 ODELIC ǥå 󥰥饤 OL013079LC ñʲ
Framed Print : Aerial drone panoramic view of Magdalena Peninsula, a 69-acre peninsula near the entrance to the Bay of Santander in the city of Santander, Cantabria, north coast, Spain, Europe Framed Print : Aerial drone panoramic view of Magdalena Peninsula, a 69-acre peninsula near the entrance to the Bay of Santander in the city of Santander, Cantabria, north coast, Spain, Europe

==

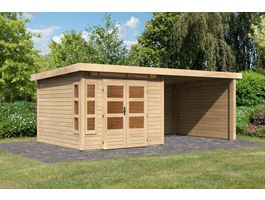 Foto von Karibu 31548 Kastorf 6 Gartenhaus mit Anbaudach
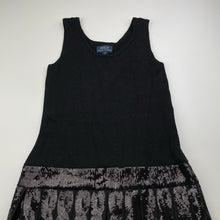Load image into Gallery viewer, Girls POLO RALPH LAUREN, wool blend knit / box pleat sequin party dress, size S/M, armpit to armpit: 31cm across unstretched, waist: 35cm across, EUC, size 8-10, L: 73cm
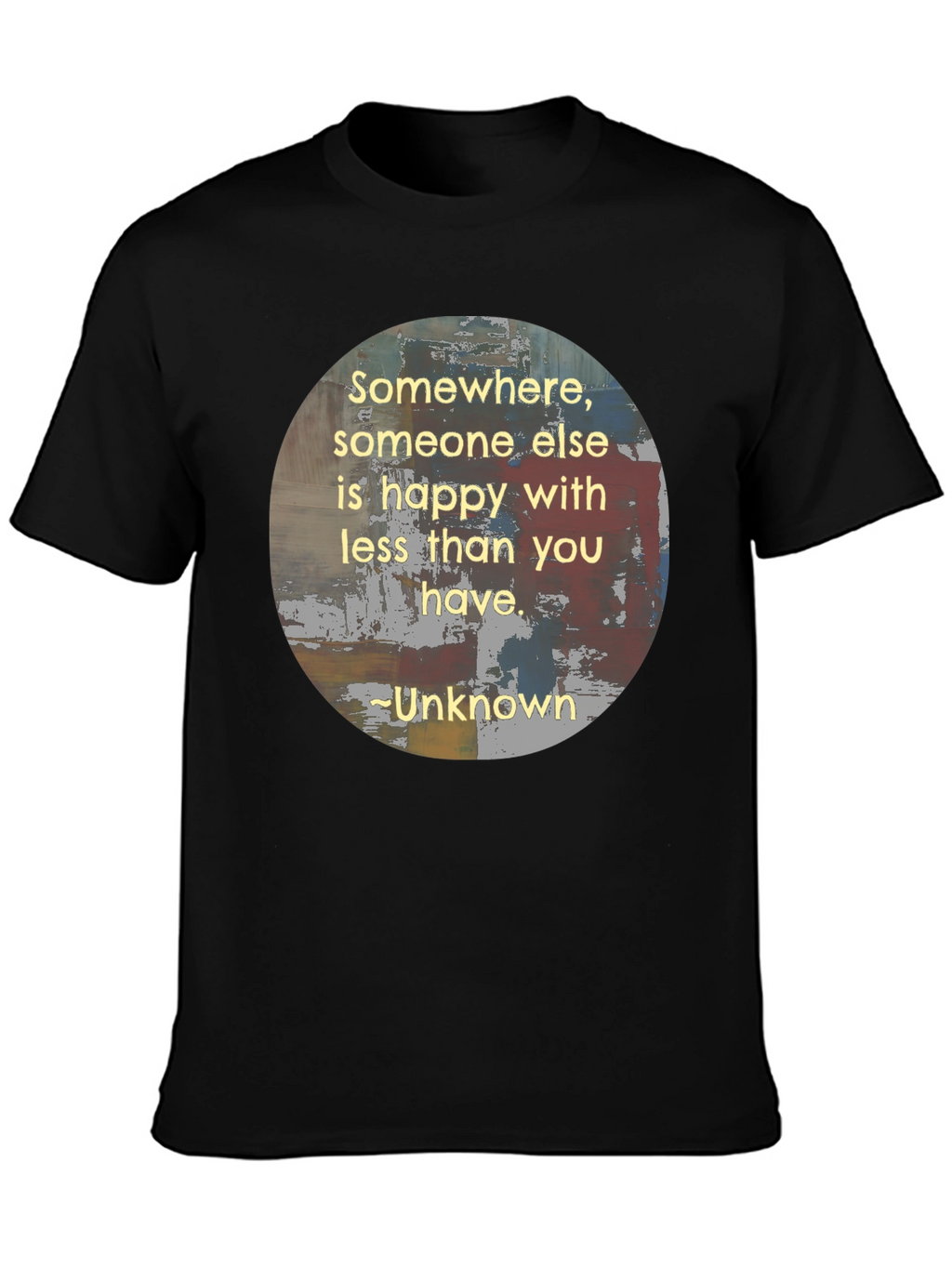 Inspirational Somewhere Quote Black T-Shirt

* * *

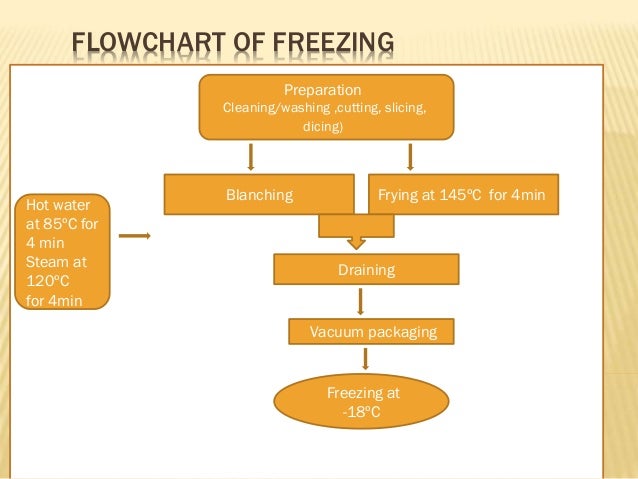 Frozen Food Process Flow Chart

Assigned task: Output exactly the lines of the listing above that start with the one holding "Load image into" and go on through the one holding "Inspirational Somewhere Quote Black T-Shirt"; leave the pictures out.

Task solution:
Load image into Gallery viewer, Girls POLO RALPH LAUREN, wool blend knit / box pleat sequin party dress, size S/M, armpit to armpit: 31cm across unstretched, waist: 35cm across, EUC, size 8-10, L: 73cm
 Inspirational Somewhere Quote Black T-Shirt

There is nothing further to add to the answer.